BARJONA'S DOWNFALL

Soon after breakfast on Saturday a furniture cart stopped at Carrier Ted's gate, and the village turned out en masse. There had been a heavy downpour of rain during the night, but the sun struggled through the clouds at breakfast time, and by nine o'clock had gained the mastery. It was dirty on the roadway, so the half-dozen neighbourly men who were piling the household effects on to the cart had to be careful not to rest them in the mud.

Not that Carrier Ted cared anything about it. He stood in the garden with the old silk hat pushed deep down over his brow, and looked abstractedly at his peonies. He seemed oblivious to the busy scene that was being enacted about him: of all the spectators he was the least moved: he, the most interested of all, was less interested than any.

By and by Barjona drove up and was greeted with scowls and muttered imprecations. Two or three of the women went a step beyond muttering, and expressed their views in terms that lacked nothing of directness.

"You ought to be ashamed o' yerself, Barjona Higgins!" said one; "yes, you ought! To turn the old man out of his 'ome at his time o' life. You'd turn a corpse out of its coffin, you would!"

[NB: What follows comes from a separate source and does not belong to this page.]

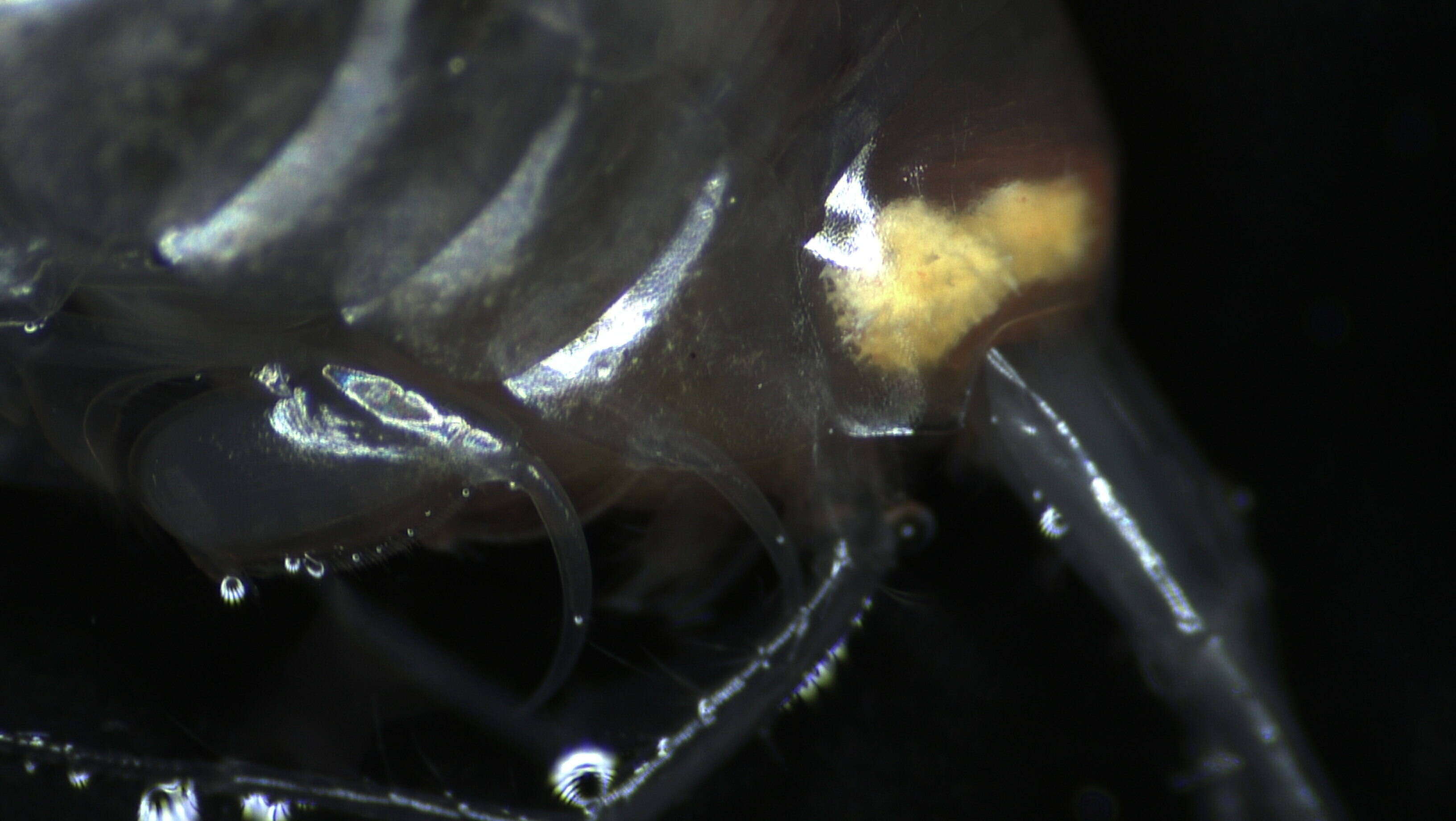 Image of Amphipoda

Barjona's cold eyes contracted. "What's wrong now, eh?" he jerked; "house is mine, isn't it? .... Paid good money for it.... Can do as I like wi' my own, can't I? ... You mind your business; I'll mind mine."

He walked up the path to the house, merely nodding to Ted as he passed; but Ted did not see him.

After a while he returned and went up to the old man, and shouted in his ear as though he were deaf, so that we all could hear:

"There'll be a bit o' plasterin' to do ... your expense ... an' there's a cracked winda-pane ... ye'll pay for that, Ted?"

The old man looked up and passed his sleeve across his brow, then rubbed his knuckles in his eyes as though awaking from sleep.